• _WORK INSTRUCTIONS_: Please print exactly the lines from the one containing "Счастливая собака на" through the last line of the records, and only those. Leave out any pictures.

··· GIVEN INFORMATION ···

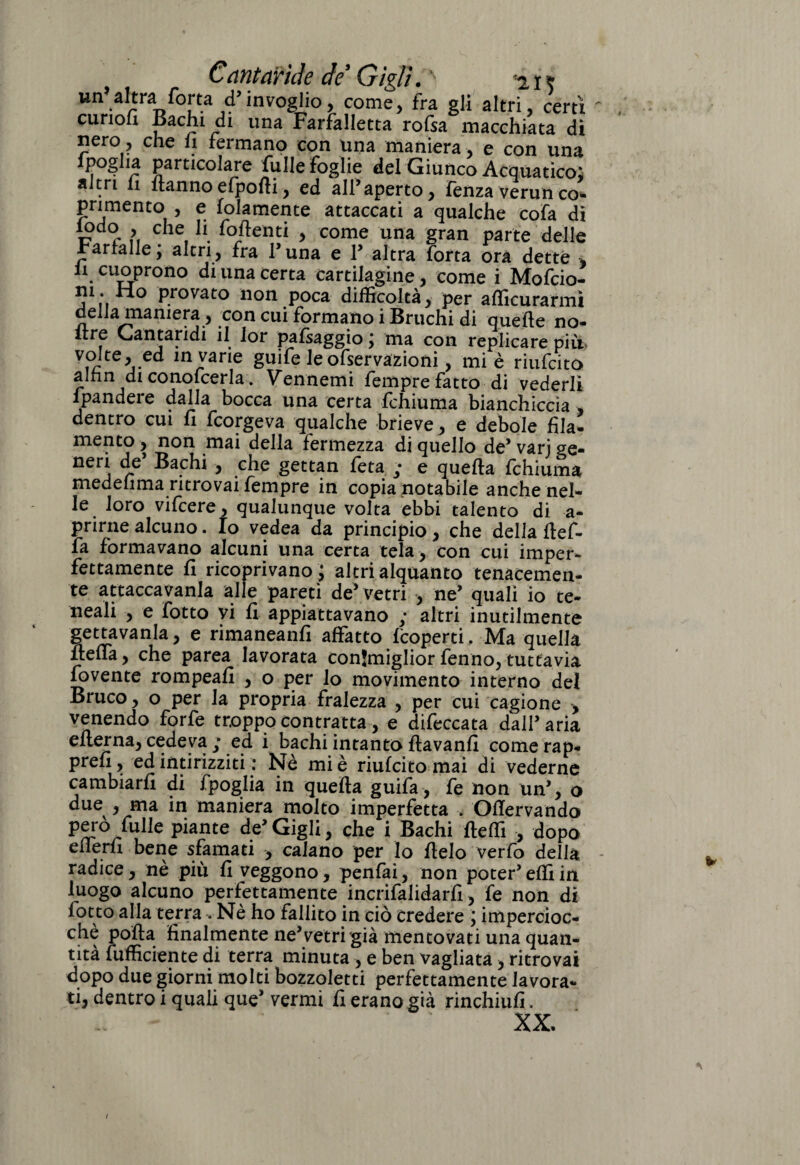 11^altra forca d’invoglio, come, fra gli altri, certi “ canoa Bachi di una Farfalletta rofsa macchiata di nero, che li fermano con una maniera, e con una ipogha particolare fulle foglie del Giunco Acquatico; altri li hannoefpofti, ed all’aperto, fenza verun co¬ pri mento , e folamente attaccati a qualche cofa di mdo , che li fomenti , come una gran parte delle Farfalle; altri, fra l’una e 1’ altra forta ora dette , li cuoprono di una certa cartilagine, come i Mofcio- m. Ho provato non poca difficoltà, per afficurarmi della^maniera, con cui formano i Bruchi di quelle no» itre Cantaridi il lor pafsaggio ; ma con replicare più* volte, ed in varie guife le ofservazioni, mi è riufcito alnn di conofcerla. Vennemi fempre fatto di vederli fpandere dalla bocca una certa fchiuma bianchiccia , dentro cui li fcorgeva qualche brieve, e debole fila- mento , non mai della fermezza di quello de’ varj ge- neri de’ Bachi , che gettan feta ; e quella fchiuma medehma ritrovai fempre in copia notabile anche nel¬ le loro vifcere, qualunque volta ebbi talento di a- prirne alcuno. Io vedea da principio, che della llef- fa formavano alcuni una certa tela, con cui imper¬ fettamente fi ricoprivano; altri alquanto tenacemen¬ te attaccavano alle pareti de’vetri -, ne’ quali io te- neali , e lotto vi fi appiattavano ; altri inutilmente gettavano, e rimaneanfi affatto {coperti. Ma quella fielfa, che parea lavorata conjmiglior fenno, tuttavia mvente rompeafi , o per lo movimento interno del Bruco, o per la propria fralezza , per cui cagione , venendo forfè troppo contratta, e difeccata dall’aria elterna, cedeva ; ed i bachi intanto llavanfi comerap- prefi, ed intirizziti : Nè mi è riulcito mai di vederne cambiarli di fpoglia in quella guifa, fe non un’, o due , ma in maniera molto imperfetta . Ollervando pero filile piante de’ Gigli, che i Bachi fleffi , dopo ellerfi bene sfamati , calano per lo fielo verfo della radice, nè più fi veggono, penfai, non poter’elfi in luogo alcuno perfettamente incrifalidarfi, fe non di lotto alla terra . Nè ho fallito in ciò credere ; impercioc¬ ché polla finalmente ne’vetri già mentovati una quan¬ tità {ufficiente di terra minuta, e ben vagliata, ritrovai dopo due giorni molti bozzoletti perfettamente lavora¬ ti, dentro i quali que* vermi fi erano già rinchiufi. XX. I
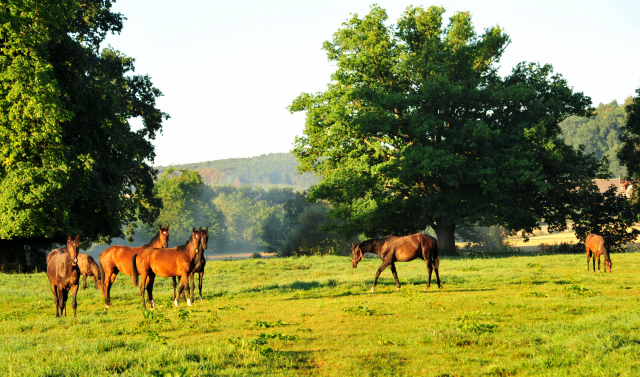 Gestt Hmelschenburg - 31. August 2016 - copyright by Beate Langels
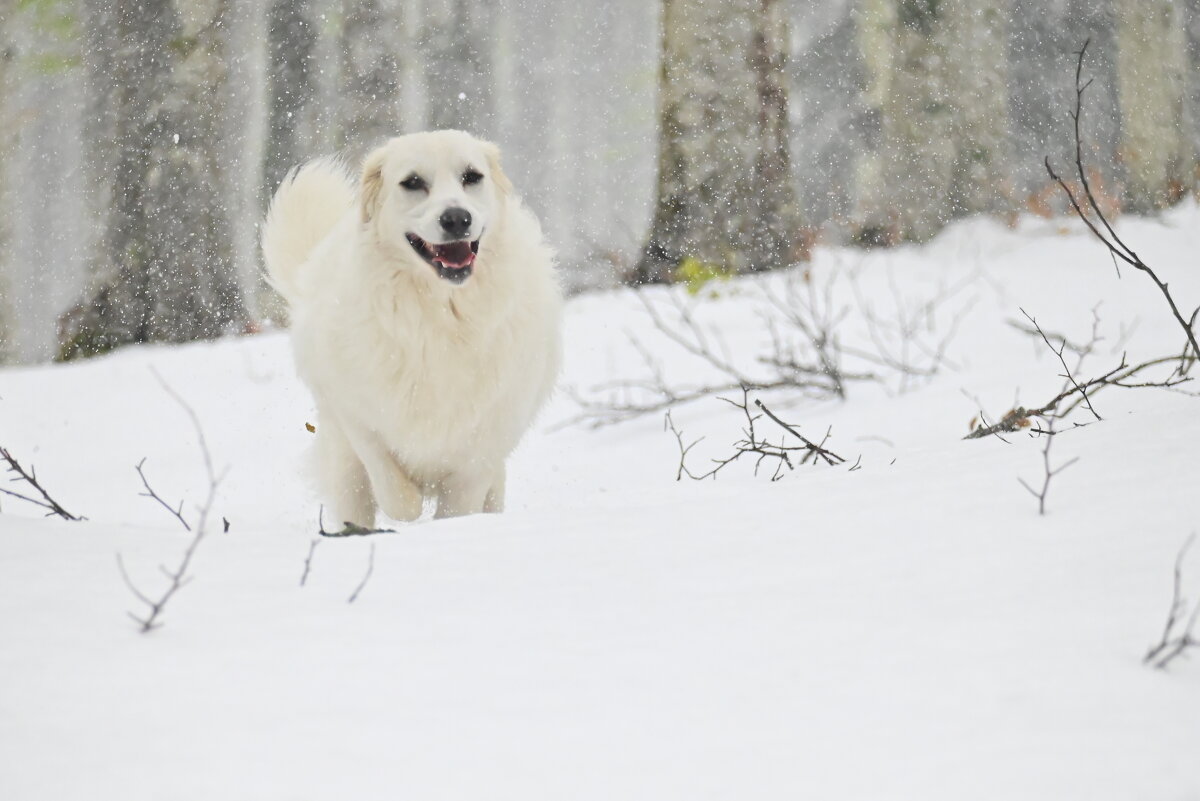 Счастливая собака на апрельском снегу - Светлана 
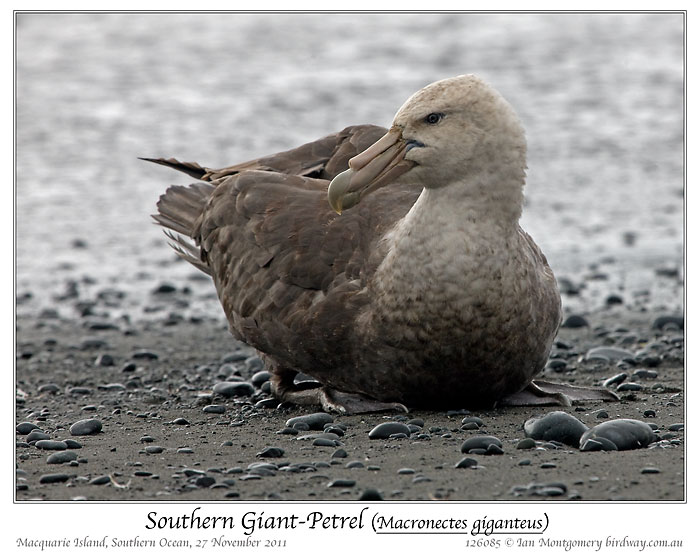 Southern Giant Petrel (Macronectes giganteus) by Ian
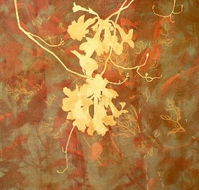 Fellia Melas Gallery - Accommodation Gladstone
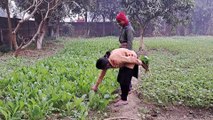 Radish harvesting in Rural India's Crop Field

···

• _ANSWER SECTION_:
 Счастливая собака на апрельском снегу - Светлана 
 Southern Giant Petrel (Macronectes giganteus) by Ian
 Fellia Melas Gallery - Accommodation Gladstone
 Radish harvesting in Rural India's Crop Field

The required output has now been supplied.